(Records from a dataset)
━━━━━━━━━━━━━━━━━━━━━━━━━━━━━━
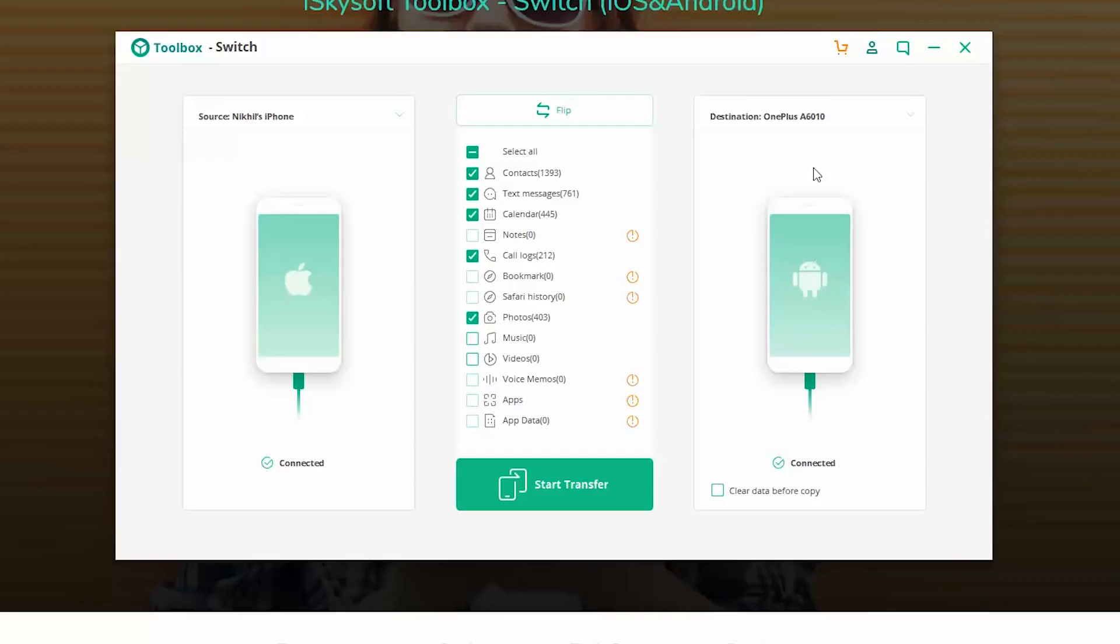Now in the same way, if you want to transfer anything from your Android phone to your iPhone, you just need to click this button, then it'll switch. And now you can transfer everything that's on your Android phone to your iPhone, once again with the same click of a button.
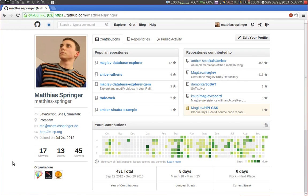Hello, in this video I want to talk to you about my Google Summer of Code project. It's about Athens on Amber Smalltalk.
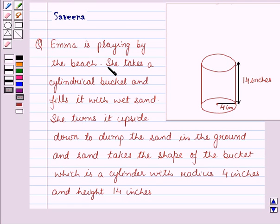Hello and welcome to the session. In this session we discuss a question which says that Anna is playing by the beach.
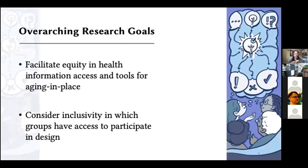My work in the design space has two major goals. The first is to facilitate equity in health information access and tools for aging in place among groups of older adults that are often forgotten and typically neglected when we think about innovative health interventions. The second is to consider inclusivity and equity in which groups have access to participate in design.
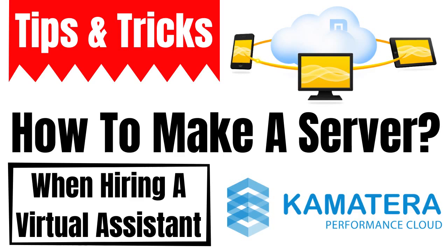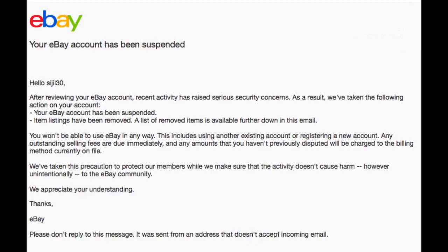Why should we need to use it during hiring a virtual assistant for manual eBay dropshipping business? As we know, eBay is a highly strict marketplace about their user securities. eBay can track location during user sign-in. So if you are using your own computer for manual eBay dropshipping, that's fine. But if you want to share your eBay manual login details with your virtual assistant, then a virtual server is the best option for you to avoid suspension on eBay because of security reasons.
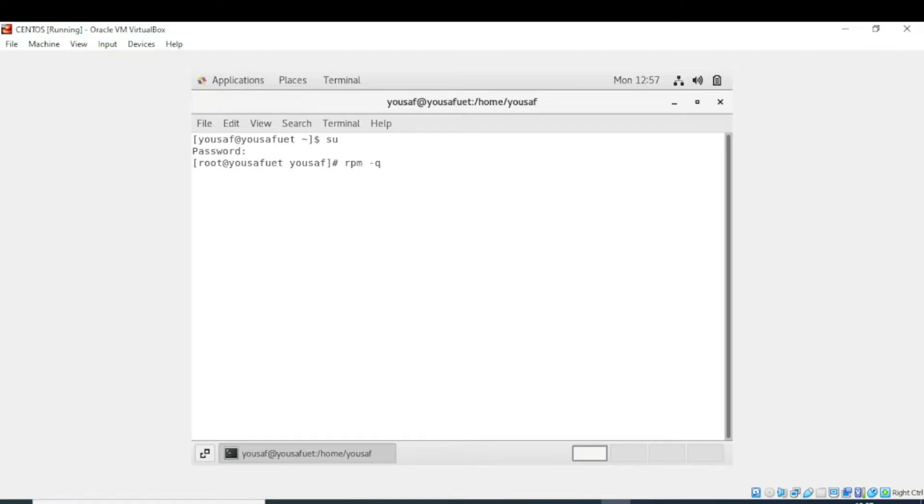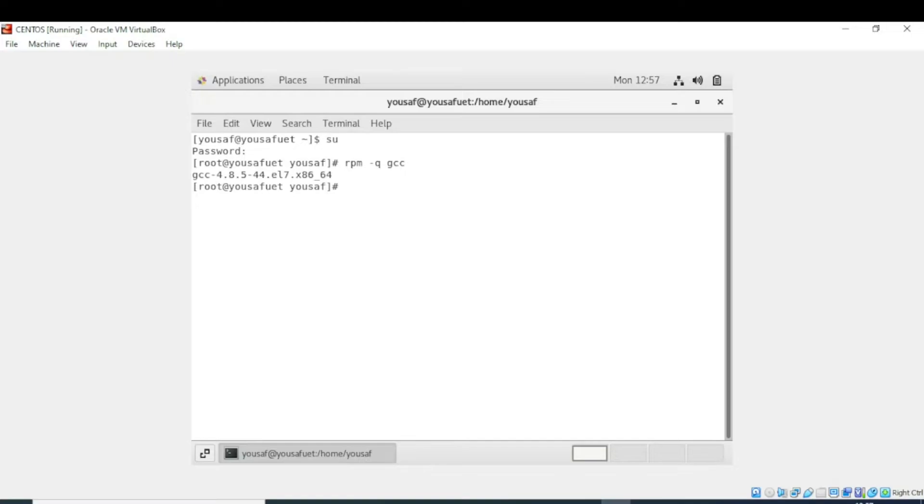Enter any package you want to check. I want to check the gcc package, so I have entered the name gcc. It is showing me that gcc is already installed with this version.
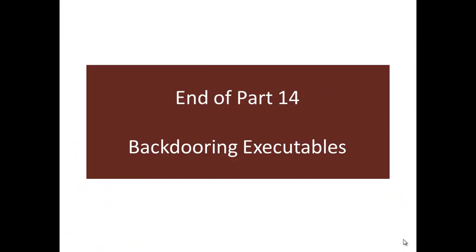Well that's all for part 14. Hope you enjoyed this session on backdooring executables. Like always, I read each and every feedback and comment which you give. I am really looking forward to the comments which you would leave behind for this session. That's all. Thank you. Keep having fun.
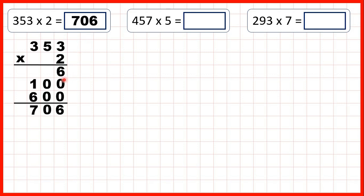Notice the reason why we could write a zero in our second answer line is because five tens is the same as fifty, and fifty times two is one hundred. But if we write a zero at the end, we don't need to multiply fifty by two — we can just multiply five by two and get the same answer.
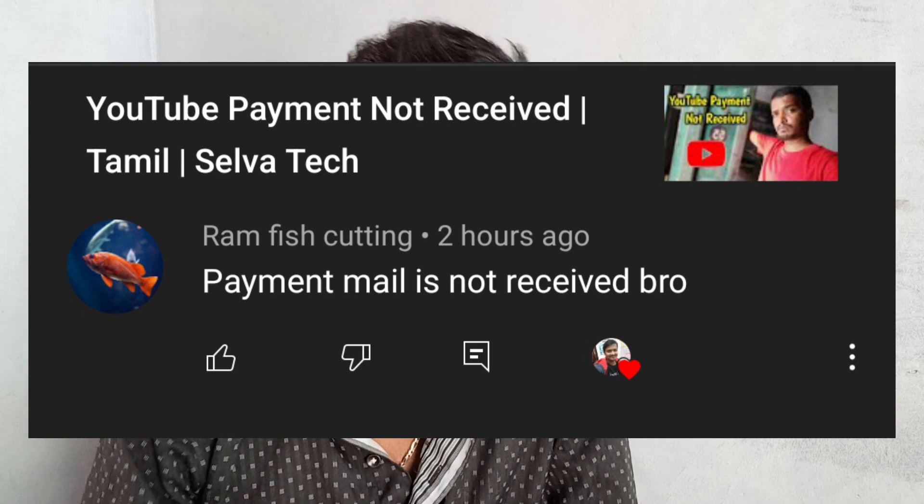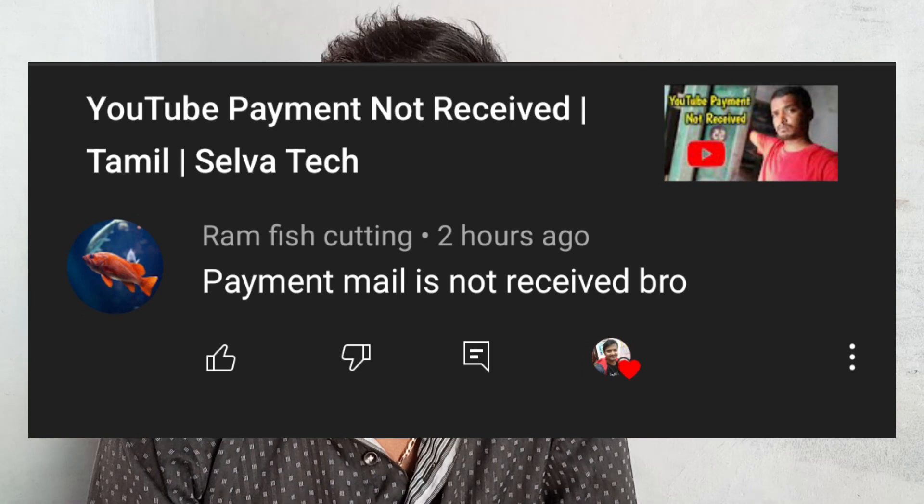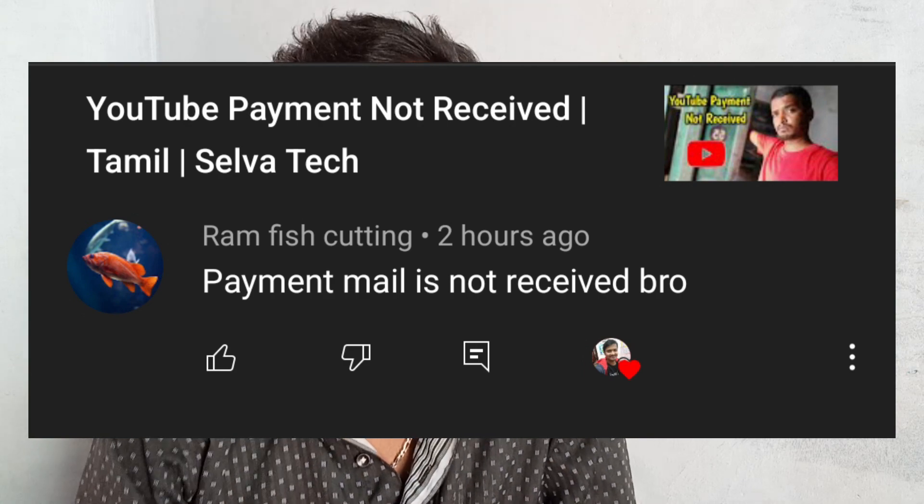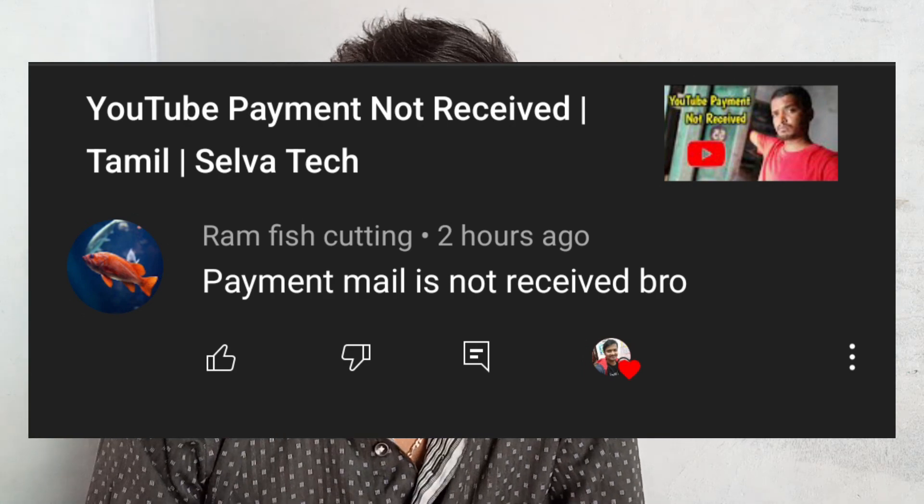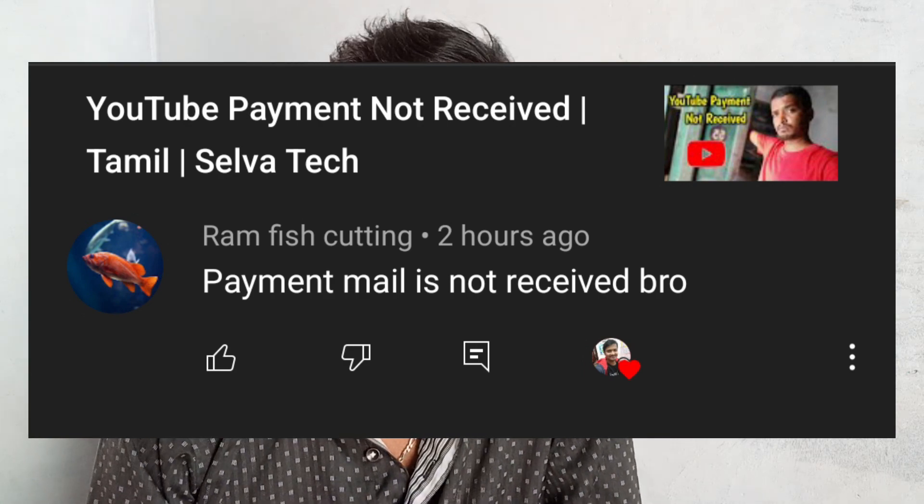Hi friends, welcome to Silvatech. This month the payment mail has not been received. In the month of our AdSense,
━━━━━━━━━━━━━━━━━━━━━━━━━━━━━━
- **Your objective**
From the opening line of the entries above to the line containing "Hello and welcome", please transcribe each line exactly, skipping every picture.

- **Reply**
Now in the same way, if you want to transfer anything from your Android phone to your iPhone, you just need to click this button, then it'll switch. And now you can transfer everything that's on your Android phone to your iPhone, once again with the same click of a button.
Hello, in this video I want to talk to you about my Google Summer of Code project. It's about Athens on Amber Smalltalk.
Hello and welcome to the session. In this session we discuss a question which says that Anna is playing by the beach.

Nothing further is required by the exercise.